Hubo un tiempo, no hace mucho, en el que seguir la Teología de la Liberación era llevar la lápida colgada (aún hoy quedan estertores de discriminación, porque los seguidores también fueron muertos, acorralados, desaparecidos e invisibilizados).
Al sacerdote salvadoreño Octavio Ortiz no solo lo degollaron por evangelizar y educar en sectores vulnerables, de extrema pobreza, sino que para detener semejante labor insurrecta, contraria a lo que Dios manda -"siempre tendrán pobres"-, le pasaron la rueda de un tanque de guerra por el rostro.
Esas historias que nadie cuenta para las que se secó de repente la tinta de grandes medios escritos, los únicos que podían narrar lo que sucedía por allá de los años 60 a los 80, son calificadas hoy como desvaríos de personas poco influyentes. Sin embargo, influyente sí era el arzobispo de San Salvador, Arnulfo Romero, por oponerse al paramilitarismo que apoyaba al dictador Carlos Humberto Romero Mena.
Llegaron al extremo de asesinar al jerarca eclesiástico mientras oficiaba una misa el 24 de marzo de 1980. Dice la misma Biblia: "El que tenga oídos que oiga", pero eso es lo que ha dejado de hacer el católico común y corriente. Se le olvidó que si bien le hicieron una promesa, un cheque en blanco para la próxima vida, tiene que vivir primero esta.
Eminentes teólogos de Centroamérica se opusieron a la apertura del proceso de beatificación y canonización de Juan Pablo II por haber humillado a Romero. Ellos sí tienen memoria, porque ese santo súbito que tanto reclamaron una inmensidad de sotanas y cómodos europeos -que ni tienen idea de lo que sucedió en América Latina-, con su desprecio les sirvió a los asesinos en bandeja de plata al arzobispo.

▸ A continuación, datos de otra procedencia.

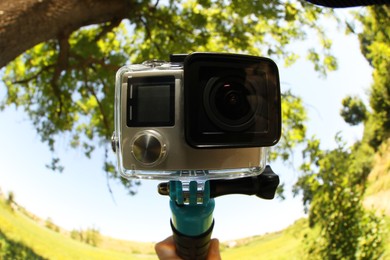 Man with modern action camera and monopod outdoors, closeup. Fisheye lens effect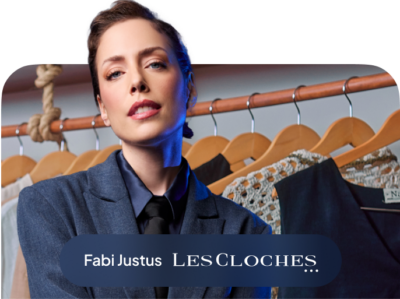 Imagem não clicável: Fabi Justus, dona da marca Les Cloches. Mulher branca com cabelo curto, olhos verdes, blaser azul, camisa azul e gravata preta, ao fundo cabide com roupas de sua marca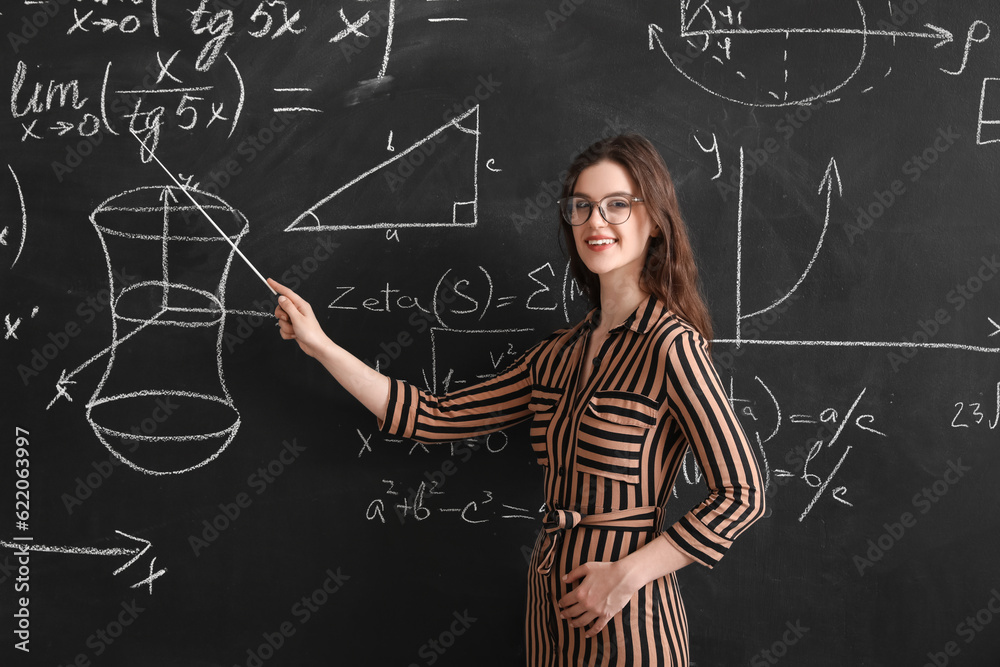 Female Math teacher conducting lesson in classroom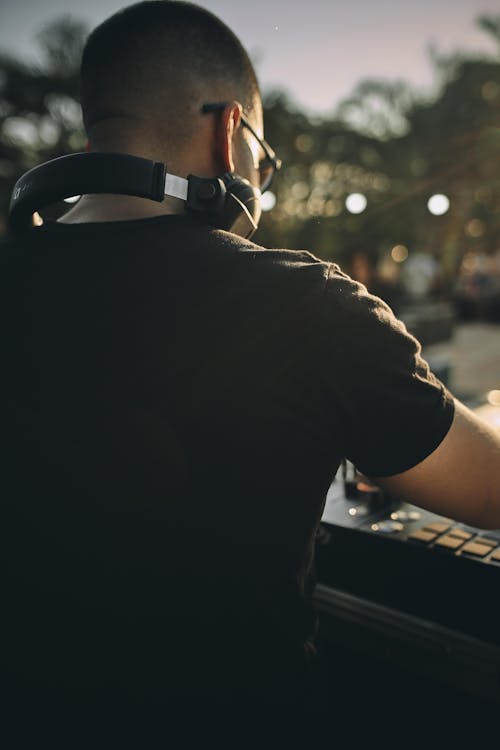 Man in Black Shirt With Black Headphones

Lo hizo cuando le recomendó que tenía que tender puentes con la dictadura, lo que equivalía a estar de su lado, en medio de las atrocidades de un conflicto que desangró a El Salvador. Aún cuando sabía que la dictadura de Romero Mena auspiciaba el asesinato de sacerdotes. Un juego que no quiso jugar el arzobispo, quien con una desafiante carta al gobierno de Estados Unidos le pidió suspender la ayuda militar a su país por los motivos que todos los que estaban atentos sí conocían: esas armas mataban civiles inocentes en vez de guerrilleros.
El santo súbito fue elevado a los altares en tiempo récord, mientras que la sordera durante su papado fue una constante frente al asesinato no solo del arzobispo Romero sino de varios sacerdotes bajo la consigna paraestatal: "Haz patria mata un cura".